▶ _Your goal_
In full and word for word, copy the listing; no pictures belong in the copy.

▶ _Input data_
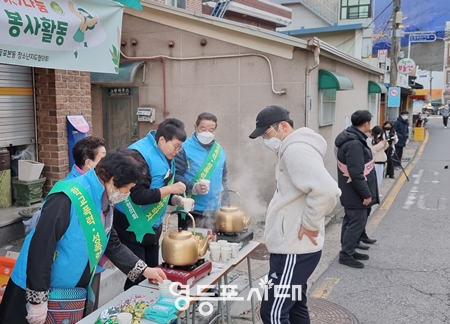 ▲영등포본동 청소년지도협의회 회원들과 주민센터 관계자들이 17일 아침, 영등포여고 시험장 앞에서 수능생들을 격려 응원하는 봉사활동을 펼치고 있다. Ⓒ영등포시대 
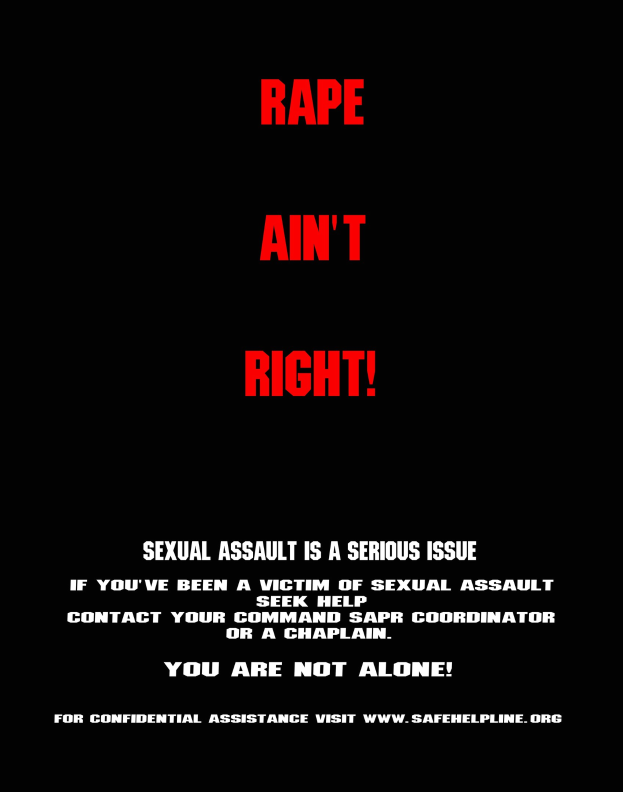 Ein Plakat mit fetter schwarzer Schrift auf einem weißen Hintergrund, das "Rape Ain't Right: Sexual Assault is a Serious Issue" lautet, eingerahmt von einem schwarzen Rand.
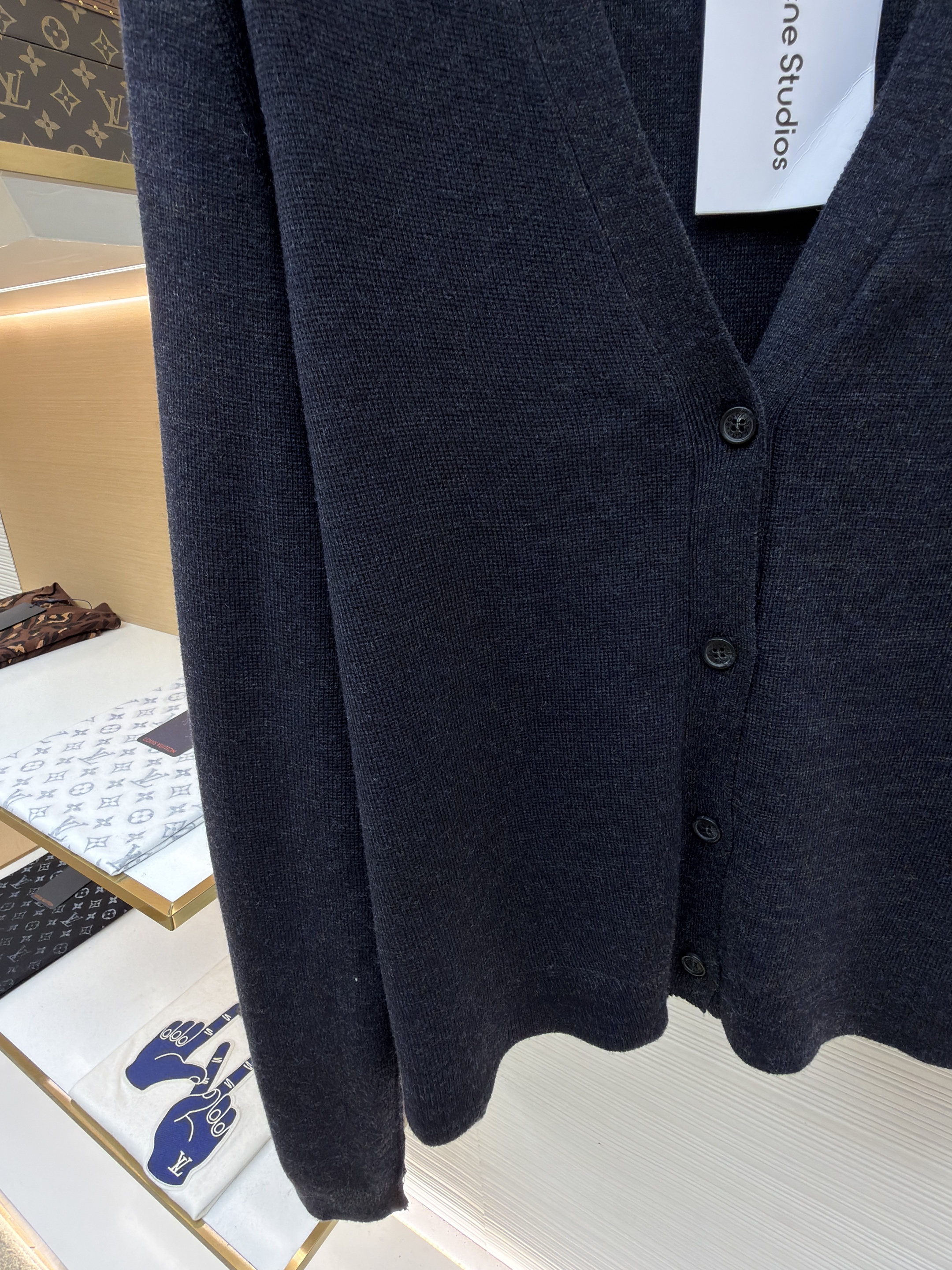 Acne Studios V领金属小圆标羊毛开衫 毛衣 针织衫 长袖 黑色 B0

▶ _Solution_
 ▲영등포본동 청소년지도협의회 회원들과 주민센터 관계자들이 17일 아침, 영등포여고 시험장 앞에서 수능생들을 격려 응원하는 봉사활동을 펼치고 있다. Ⓒ영등포시대 
 Ein Plakat mit fetter schwarzer Schrift auf einem weißen Hintergrund, das "Rape Ain't Right: Sexual Assault is a Serious Issue" lautet, eingerahmt von einem schwarzen Rand.
 Acne Studios V领金属小圆标羊毛开衫 毛衣 针织衫 长袖 黑色 B0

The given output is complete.